B. Use of Revenue Forecast
48. Discussion. The Rural Associations fail to demonstrate that the
use of each study area's actual 2011 interstate revenue requirements
would produce substantially more accurate baseline amounts. We believe
that using projected settlements associated with 2011 annual interstate
switched access tariff filings--filings which were deemed lawful, which
established the charges paid by consumers, and which are based on
historical costs--sufficiently protects the interests of such carriers.

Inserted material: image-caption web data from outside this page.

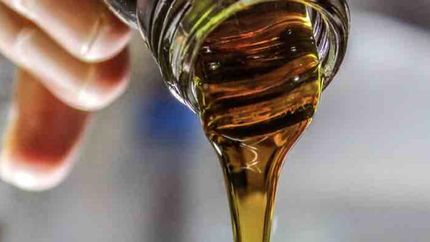 Tenían cerca de mil envases con el producto falsificado listo para la venta.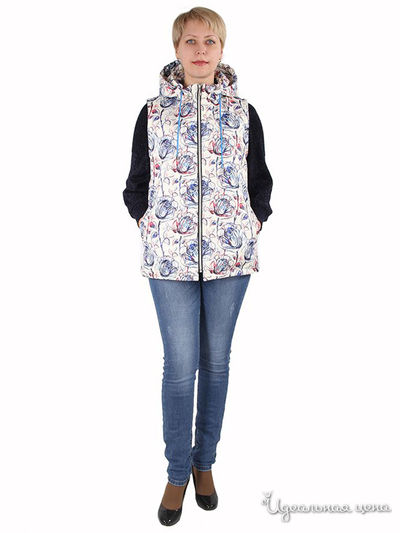 Жилет Trendline, цвет синий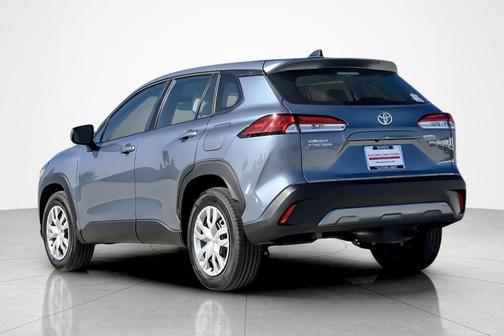 2025 Toyota Corolla Cross L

49. Additionally, making carriers' actual 2011 interstate revenue
requirement the basis of their recovery would create opportunity and
incentive for carriers to manipulate their cost studies to increase
their recovery. The actual interstate revenue requirements that the
Rural Associations suggest we use had not been filed at the time the
Order was adopted. Consequently, in preparing cost studies, carriers
could adopt study procedures designed to include costs associated with
one-time events, extraordinary depreciation, etc. that could improperly
increase a carrier's Rate-of-Return Baseline--and thus its Eligible
Recovery--for years to come. The Rural Associations cite ``review and
verification by independent auditors, NECA review procedures, state
regulators and other entities'' as sufficient to allay concerns that
``cost studies might be manipulated * * *.'' Given the very significant
incentives that the rural carriers' proposed approach would create to
increase costs--allowing them to in effect ``lock in'' higher recovery
each year for at least the next several years based upon a single cost
study--we are not persuaded that the processes the Rural Associations
identify provide sufficiently robust protections compared to using
tariff forecasts filed before the USF/ICC Transformation Order was
adopted. Moreover, we note that any carrier may petition for a Total
Cost and Earnings Review if it believes the allowed recovery is
insufficient. The request for reconsideration on this matter is
therefore denied.
VI. Procedural Matters
A. Paperwork Reduction Act
50. This Third Order on Reconsideration contains new information
collection requirements subject to the Paperwork Reduction Act of 1995
(PRA), Public Law 104-13. It has been or will be submitted to the
Office of Management and Budget (OMB) for review under section 3507(d)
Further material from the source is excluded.